US20210406732A1

US20210406732A1 - Method for building machine learning models for artificial intelligence based information technology operations

Info

Publication number: US20210406732A1
Application number: US17/177,259
Authority: US
Inventors: Pavan Thatha; Ruma Mukherjee; Soma KOHLI; Chiranjeev Joshi; Amanpreet Singh
Original assignee: Unisys Corp
Current assignee: Unisys Corp
Priority date: 2020-06-25
Filing date: 2021-02-17
Publication date: 2021-12-30

Abstract

A method and system for forecasting resource utilization of an information technology system having a plurality of system components. The method includes classifying the plurality of system components based on at least one resource utilization metric. The method also includes determining at least one reference component in each class from among the components classified within the respective class. The method also includes building a representative machine learning model for each reference component in each class. The method also includes applying the representative machine learning model to all system components within the respective class. Applying the representative machine learning model to all system components within the respective class forecasts the resource utilization of all system components in the information technology system without building a machine learning model for each system component in the information technology system.

Description

BACKGROUND

Field

The instant disclosure relates generally to artificial intelligence information technology, and in particular to machine learning models for artificial intelligence information technology.
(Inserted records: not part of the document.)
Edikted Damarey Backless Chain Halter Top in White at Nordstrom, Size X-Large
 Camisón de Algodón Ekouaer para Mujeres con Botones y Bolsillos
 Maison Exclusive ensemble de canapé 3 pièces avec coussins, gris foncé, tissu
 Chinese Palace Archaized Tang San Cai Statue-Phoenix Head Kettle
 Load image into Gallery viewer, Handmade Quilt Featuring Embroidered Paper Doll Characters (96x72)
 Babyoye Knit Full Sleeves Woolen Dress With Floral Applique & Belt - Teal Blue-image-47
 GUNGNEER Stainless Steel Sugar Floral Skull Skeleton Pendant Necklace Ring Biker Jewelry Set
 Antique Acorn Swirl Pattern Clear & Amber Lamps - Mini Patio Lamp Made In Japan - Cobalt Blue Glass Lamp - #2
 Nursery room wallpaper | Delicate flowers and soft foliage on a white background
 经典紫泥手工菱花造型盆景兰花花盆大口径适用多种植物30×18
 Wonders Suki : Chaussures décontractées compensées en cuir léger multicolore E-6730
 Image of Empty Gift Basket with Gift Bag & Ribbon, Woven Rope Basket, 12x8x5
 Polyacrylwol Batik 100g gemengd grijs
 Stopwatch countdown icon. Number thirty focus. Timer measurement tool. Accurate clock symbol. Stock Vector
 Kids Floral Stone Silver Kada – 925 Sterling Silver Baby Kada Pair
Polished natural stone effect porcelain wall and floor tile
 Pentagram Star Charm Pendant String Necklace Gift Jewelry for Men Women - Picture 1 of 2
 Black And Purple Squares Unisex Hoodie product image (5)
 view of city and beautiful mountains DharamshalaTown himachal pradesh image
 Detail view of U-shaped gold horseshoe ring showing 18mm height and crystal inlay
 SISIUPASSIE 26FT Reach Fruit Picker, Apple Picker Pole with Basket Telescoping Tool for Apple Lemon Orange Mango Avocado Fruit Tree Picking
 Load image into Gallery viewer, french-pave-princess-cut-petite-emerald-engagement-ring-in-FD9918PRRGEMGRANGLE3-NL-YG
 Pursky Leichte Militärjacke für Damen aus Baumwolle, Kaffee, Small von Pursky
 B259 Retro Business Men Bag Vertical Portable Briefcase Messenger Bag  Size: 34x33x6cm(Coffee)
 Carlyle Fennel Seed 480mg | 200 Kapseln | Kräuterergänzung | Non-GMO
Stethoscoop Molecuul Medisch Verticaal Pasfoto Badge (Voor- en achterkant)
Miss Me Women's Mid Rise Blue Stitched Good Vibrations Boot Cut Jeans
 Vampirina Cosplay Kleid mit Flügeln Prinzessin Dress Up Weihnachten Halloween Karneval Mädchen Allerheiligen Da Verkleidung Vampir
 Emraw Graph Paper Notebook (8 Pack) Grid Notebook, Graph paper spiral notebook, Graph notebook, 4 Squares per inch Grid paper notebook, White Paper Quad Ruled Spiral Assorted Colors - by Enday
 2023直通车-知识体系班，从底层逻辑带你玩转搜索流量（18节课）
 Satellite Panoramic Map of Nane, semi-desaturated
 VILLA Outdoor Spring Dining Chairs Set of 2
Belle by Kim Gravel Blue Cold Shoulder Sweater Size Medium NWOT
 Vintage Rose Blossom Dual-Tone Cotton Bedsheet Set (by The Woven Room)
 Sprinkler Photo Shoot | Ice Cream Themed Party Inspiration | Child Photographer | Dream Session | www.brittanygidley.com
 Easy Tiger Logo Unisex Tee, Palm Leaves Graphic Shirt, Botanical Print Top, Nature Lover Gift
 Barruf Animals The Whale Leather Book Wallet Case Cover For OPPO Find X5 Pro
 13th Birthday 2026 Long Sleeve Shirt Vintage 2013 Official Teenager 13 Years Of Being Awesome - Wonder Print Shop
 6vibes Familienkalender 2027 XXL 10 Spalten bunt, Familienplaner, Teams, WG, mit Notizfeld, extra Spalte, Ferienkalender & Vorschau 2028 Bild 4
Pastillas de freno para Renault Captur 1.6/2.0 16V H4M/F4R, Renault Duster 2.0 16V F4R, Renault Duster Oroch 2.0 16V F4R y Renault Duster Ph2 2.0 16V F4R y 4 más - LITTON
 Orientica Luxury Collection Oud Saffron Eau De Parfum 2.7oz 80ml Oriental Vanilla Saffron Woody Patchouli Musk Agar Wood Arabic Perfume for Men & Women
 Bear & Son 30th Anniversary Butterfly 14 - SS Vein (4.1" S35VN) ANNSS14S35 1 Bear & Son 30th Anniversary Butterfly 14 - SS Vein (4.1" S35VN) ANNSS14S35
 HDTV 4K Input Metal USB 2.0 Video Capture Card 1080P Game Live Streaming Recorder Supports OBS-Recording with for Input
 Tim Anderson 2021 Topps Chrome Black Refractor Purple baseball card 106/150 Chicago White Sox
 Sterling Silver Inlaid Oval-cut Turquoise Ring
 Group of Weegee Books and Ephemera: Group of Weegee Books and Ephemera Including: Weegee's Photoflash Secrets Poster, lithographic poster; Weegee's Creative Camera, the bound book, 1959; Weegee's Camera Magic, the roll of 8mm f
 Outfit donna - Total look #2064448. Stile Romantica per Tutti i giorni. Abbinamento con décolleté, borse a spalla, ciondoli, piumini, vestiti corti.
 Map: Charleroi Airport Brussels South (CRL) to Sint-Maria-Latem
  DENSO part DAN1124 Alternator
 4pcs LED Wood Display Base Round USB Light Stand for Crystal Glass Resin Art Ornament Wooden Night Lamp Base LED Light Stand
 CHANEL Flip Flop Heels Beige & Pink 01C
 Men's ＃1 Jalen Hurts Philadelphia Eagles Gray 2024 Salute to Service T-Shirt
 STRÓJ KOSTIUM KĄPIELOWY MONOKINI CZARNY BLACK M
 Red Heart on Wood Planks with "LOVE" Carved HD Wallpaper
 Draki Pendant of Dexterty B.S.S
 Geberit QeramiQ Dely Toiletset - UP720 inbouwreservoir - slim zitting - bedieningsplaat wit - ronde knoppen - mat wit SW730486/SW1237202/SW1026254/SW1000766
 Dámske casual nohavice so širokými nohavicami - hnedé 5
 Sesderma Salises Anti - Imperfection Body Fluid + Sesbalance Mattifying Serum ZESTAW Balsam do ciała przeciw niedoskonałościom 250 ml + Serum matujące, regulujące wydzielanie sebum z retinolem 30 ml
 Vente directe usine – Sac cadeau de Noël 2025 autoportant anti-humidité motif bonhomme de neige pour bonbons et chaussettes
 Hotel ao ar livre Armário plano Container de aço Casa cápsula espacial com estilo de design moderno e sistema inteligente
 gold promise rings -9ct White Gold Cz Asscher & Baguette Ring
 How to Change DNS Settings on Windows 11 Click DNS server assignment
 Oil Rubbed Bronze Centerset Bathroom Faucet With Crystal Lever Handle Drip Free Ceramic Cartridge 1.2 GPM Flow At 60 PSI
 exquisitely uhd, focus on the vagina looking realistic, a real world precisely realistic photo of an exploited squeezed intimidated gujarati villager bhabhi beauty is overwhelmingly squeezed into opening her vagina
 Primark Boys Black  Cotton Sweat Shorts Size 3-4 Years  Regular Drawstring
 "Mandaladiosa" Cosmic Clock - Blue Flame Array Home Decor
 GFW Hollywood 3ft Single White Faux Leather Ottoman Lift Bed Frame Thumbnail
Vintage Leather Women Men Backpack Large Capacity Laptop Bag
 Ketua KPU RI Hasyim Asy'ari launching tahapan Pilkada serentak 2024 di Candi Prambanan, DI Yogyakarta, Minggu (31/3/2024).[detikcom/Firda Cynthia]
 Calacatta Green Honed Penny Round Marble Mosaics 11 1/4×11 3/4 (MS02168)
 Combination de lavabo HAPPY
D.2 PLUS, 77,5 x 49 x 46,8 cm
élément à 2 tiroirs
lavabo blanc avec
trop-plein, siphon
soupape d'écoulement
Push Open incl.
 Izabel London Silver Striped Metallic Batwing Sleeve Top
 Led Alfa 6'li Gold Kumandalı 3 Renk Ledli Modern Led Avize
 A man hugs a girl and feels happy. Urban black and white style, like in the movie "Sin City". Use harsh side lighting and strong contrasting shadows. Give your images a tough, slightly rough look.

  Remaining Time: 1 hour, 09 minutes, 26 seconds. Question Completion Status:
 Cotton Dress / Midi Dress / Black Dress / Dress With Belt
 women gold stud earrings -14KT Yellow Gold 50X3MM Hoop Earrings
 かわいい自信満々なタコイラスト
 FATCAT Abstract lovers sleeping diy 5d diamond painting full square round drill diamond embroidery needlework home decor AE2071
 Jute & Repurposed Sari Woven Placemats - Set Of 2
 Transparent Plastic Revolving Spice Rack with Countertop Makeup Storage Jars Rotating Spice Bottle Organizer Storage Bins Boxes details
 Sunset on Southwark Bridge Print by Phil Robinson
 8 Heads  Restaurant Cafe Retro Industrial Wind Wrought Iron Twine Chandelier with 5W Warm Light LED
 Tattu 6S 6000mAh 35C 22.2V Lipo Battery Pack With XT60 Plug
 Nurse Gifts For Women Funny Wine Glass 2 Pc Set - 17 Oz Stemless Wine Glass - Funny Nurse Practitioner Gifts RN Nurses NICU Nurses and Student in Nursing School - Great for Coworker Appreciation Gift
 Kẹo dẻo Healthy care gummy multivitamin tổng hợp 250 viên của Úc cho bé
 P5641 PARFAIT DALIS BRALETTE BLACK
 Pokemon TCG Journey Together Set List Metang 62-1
Description of the Related Art

The term AIOps refers to artificial intelligence for information technology (IT) operations. AIOps refers to the way data and information from an application environment are managed using artificial intelligence. AIOps typically uses machine learning and data science to provide a real-time understanding of issues affecting the availability or performance of an IT system. AIOps involves technology platforms that automate and enhance IT operations by using analytics and machine learning to analyze data collected from various IT operations tools and devices to identify and react to issues in real time.
AIOps users have infrastructure needs associated with IT systems having many component devices and/or server configurations, such as virtual machines (VMs) and server clusters. Virtual machines are operating systems or application environments that emulate or imitate dedicated hardware, thus exhibiting the behavior of a separate computer system. Server clusters are groups of servers working together on one system to provide users with greater availability.
For AIOps users, one of the main goals of AIOps is to forecast the resource utilization for the entire infrastructure of an IT system. One mechanism to forecast the resource utilization for the infrastructure is to apply one or more machine learning (ML) models to each device and/or server within the entire infrastructure of the IT system. Machine learning models can include various regression algorithms, instance-based algorithms, decision tree algorithms and other suitable algorithms.
However, different infrastructures typically have different configurations. Also, for an infrastructure that includes a relatively larger number of devices and/or servers (e.g., more than 5000 devices and/or servers), it typically is unusually challenging and relatively impractical to build, develop and maintain one or more machine learning models for each device and/or server within the infrastructure.
There is a need for a method and system for providing resource utilization for relatively large infrastructures and/or infrastructures having different configurations using a reduced or minimized number of machine learning or other representative models.

SUMMARY

Disclosed is a method and system for forecasting resource utilization of an information technology system having a plurality of system components. The method includes classifying the plurality of system components based on at least one resource utilization metric. The method also includes determining at least one reference component in each class from among the components classified within the respective class. The method also includes building a representative machine learning model for each reference component in each class. The method also includes applying the representative machine learning model to all system components within the respective class. Applying the representative machine learning model to all system components within the respective class forecasts the resource utilization of all system components in the information technology system without building a machine learning model for each system component in the information technology system.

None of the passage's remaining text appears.